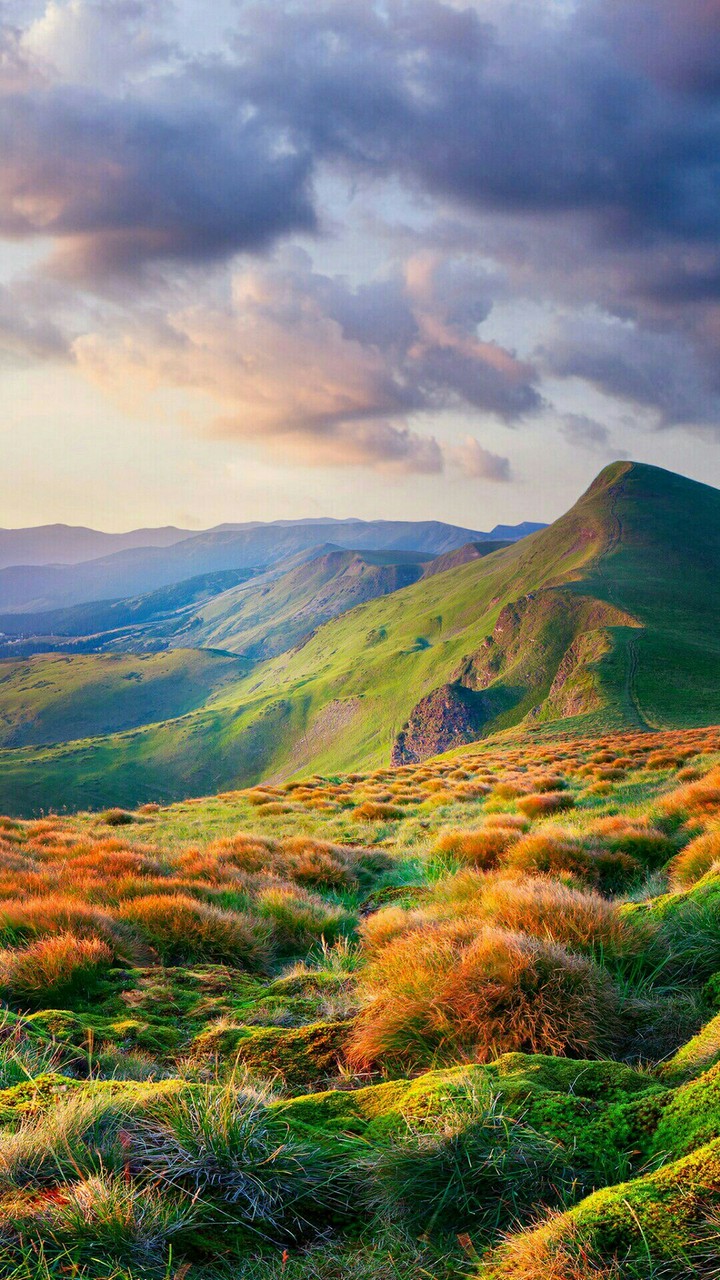 scenery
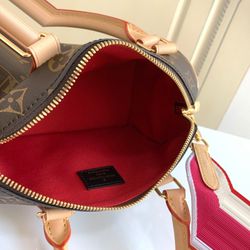 Speedy Allure Louis Vuitton Bag
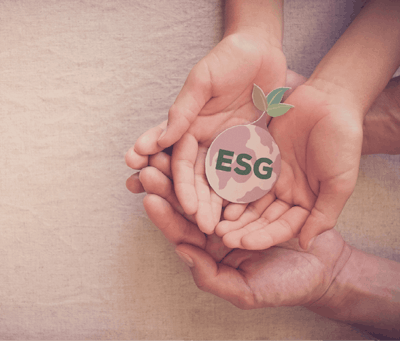 Adobe Stock 423637014 Fmt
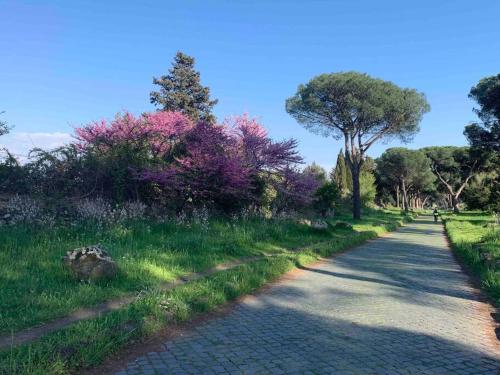  Il Torraccio - Appartamento indipendente in Villa in Marino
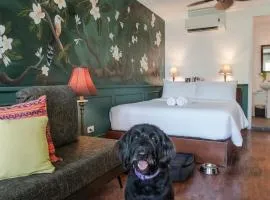 MiraNamin Nest CALACHUCHI - Cozy Room in Historic Home - Indoor Plunge Pool, Petite Desk, Garden View with Balcony, Self-Service Breakfast, Guest Kitchen, Rooftop, Pet-Friendly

++++++++

▸ Exercise details:
Your answer must be the lines from the line containing "Adobe Stock 423637014 Fmt" through the final line of the data, written out exactly, both ends included and pictures left out.

▸ Exercise answer:
 Adobe Stock 423637014 Fmt
  Il Torraccio - Appartamento indipendente in Villa in Marino
 MiraNamin Nest CALACHUCHI - Cozy Room in Historic Home - Indoor Plunge Pool, Petite Desk, Garden View with Balcony, Self-Service Breakfast, Guest Kitchen, Rooftop, Pet-Friendly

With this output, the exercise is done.